The RZA produced the entire Enter the Wu-Tang (36 Chambers) album, introducing the world to what became his signature production style. His productions are generally cinematic and stripped down: they force the listener to be attentive to the song the way they would to a movie. He is known for sampling organs and piano, gangster and kung fu films, and old soul music to create a claustrophobic, back-room-in-a-mobster-film kind of feel.
In the case of "C.R.E.A.M.," the memorable piano sample is actually pulled from a 1966 record by The Charmels, a girl group who recorded with Stax Records in the infant days of soul music. Like the clever use of slang by Raekwon, the RZA makes you work for it a little, using just enough of the song to create the sound he wants but not quite enough to make the source of the sample obvious to the uninitiated. As the Village Voice wrote in 1994, the RZA "refers to the soul hook like a preacher citing the gospel by chapter and verse, leaving the faithful to fill in the rest. He conjures dublike r&b ghosts, plinking out dusted piano notes like Dr. Dre on 'Deep Cover.' At his best he's hard but never brutal, relaxed and mean at the same time-- a trick that's paid off for Wu-Tang just as it has for Snoop and Domino."

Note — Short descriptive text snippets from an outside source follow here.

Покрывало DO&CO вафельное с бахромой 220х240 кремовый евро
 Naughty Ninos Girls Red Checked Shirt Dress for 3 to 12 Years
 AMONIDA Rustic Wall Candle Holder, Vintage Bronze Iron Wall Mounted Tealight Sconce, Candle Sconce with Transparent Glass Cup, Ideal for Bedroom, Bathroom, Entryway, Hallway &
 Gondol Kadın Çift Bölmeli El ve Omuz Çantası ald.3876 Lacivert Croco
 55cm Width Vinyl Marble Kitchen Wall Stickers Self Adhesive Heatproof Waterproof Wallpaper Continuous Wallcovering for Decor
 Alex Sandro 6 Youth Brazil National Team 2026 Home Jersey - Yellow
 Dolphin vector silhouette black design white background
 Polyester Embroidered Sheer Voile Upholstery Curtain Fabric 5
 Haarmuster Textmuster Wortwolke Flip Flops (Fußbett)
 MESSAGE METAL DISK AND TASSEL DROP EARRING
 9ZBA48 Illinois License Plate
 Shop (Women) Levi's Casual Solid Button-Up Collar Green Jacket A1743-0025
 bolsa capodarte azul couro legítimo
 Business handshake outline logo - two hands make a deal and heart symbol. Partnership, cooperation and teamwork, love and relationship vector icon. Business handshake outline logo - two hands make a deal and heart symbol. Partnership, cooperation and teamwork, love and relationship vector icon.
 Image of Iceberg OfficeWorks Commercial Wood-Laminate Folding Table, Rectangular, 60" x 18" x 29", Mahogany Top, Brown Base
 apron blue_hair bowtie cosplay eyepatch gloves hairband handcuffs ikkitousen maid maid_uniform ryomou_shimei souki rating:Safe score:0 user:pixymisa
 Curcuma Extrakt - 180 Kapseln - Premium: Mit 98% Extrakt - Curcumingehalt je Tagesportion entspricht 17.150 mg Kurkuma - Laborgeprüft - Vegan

The Charmels' cheery soul sample becomes a thing of awesome darkness in the RZA's hands, backed by a simple, repetitive, laid-back beat that serves mostly to highlight the up-close-and-personal performances by Method Man, Raekwon, and Inspectah Deck. The mood is stark and the song gives off a sense of doom that skirts on a sense of humor, much like a trailer for a good action movie. The RZA's long production career is now a legendary one, with the likes of Kanye West citing him as an influence (and working with him on some of West's most lauded recent tracks). The RZA's list of production credits is already impressive, and his work on this earth is far from over.